Before anybody gets too wound up about the St. John's loss, allow us to point out that it comes one year to the day after an equally painful loss to Georgetown. After that loss, Duke finished the season 18-1,with only a loss at Maryland. We're not saying that Duke is going to do that again, but anyone who thinks this is a major blow, think again: there is nobody -- not a single coach in basketball and possibly not any sport -- who gets more out of a loss, particularly a bad loss, than Mike Krzyzewski.

That said, there's a lot to draw from this game.

St. John's beat Duke like a drum. They penetrated at will, pretty much disregarded Duke's defense, and took thorough advantage of the Devils for much of the game.

The biggest problem was that Duke could not match St. John's quickness. They pressed Duke and in particular in the first half made them pay heavily.
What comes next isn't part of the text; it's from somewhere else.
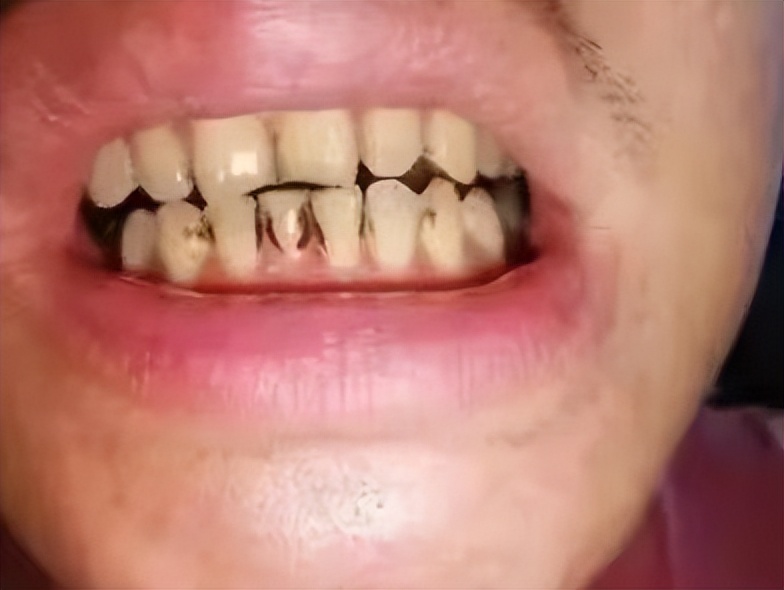 牙黄的克星一招搞定,牙黄小妙招立马见效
Duke finished the game with 17 turnovers.  Duke shot just under 42% for the game compared to the Johnnies, who made a banging 58.2

Yet in spite of a thorough whipping, Duke nearly made a big comeback late in the second half.

After being dominated completely for most of the game, with1:46 left, Nolan Smith cut the lead to 13 on a three-point shot.
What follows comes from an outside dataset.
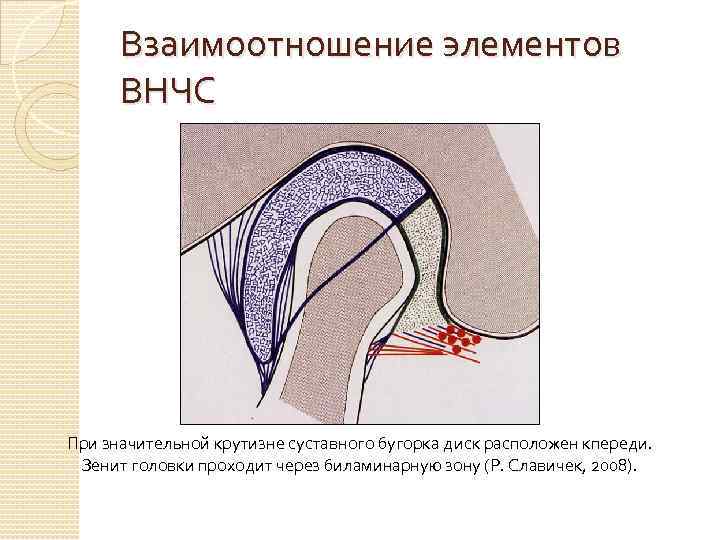 Взаимоотношение элементов ВНЧС При значительной крутизне суставного бугорка диск расположен кпереди. Зенит головки проходит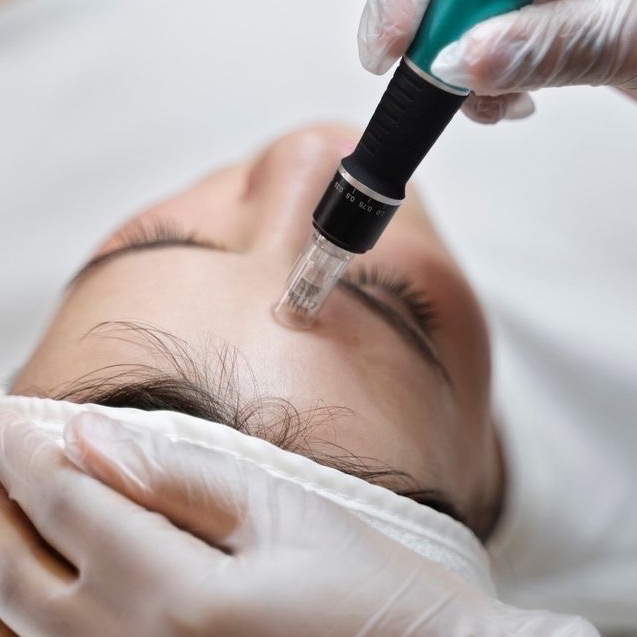 Microagulhamento Facial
After the Gone in 54 Seconds game, Duke fans know stunning turnarounds are possible, and it's fairly common to see the Devils surge back even in a blowout because they are just taught that way.
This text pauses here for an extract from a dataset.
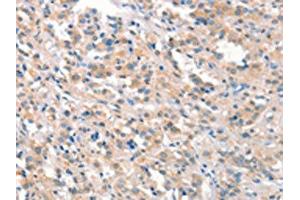 The image on the left is immunohistochemistry of paraffin-embedded Human thyroid cancer tissue using ABIN7191162(KCNB1 Antibody) at dilution 1/40, on the right is treated with synthetic peptide. (Kv2.1/KCNB1 Antikörper)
But of course it didn't happen in this one.

So what next?

As a bit of a clue, let's look back at one of the pillars of the program, which was the loss to Virginia and Ralph Sampson in the 1983 ACC Tournament.

After the game, Coach K made it clear that there would be no forgetting what happened.

That's been a characteristic of the program ever since: make an honest assessment of what's wrong, work together to overcome weaknesses, and make appropriate adjustments.

No question that this game was a setback, but it's also an opportunity.  And typically, Duke makes the most of an opportunity, even an unpleasant one.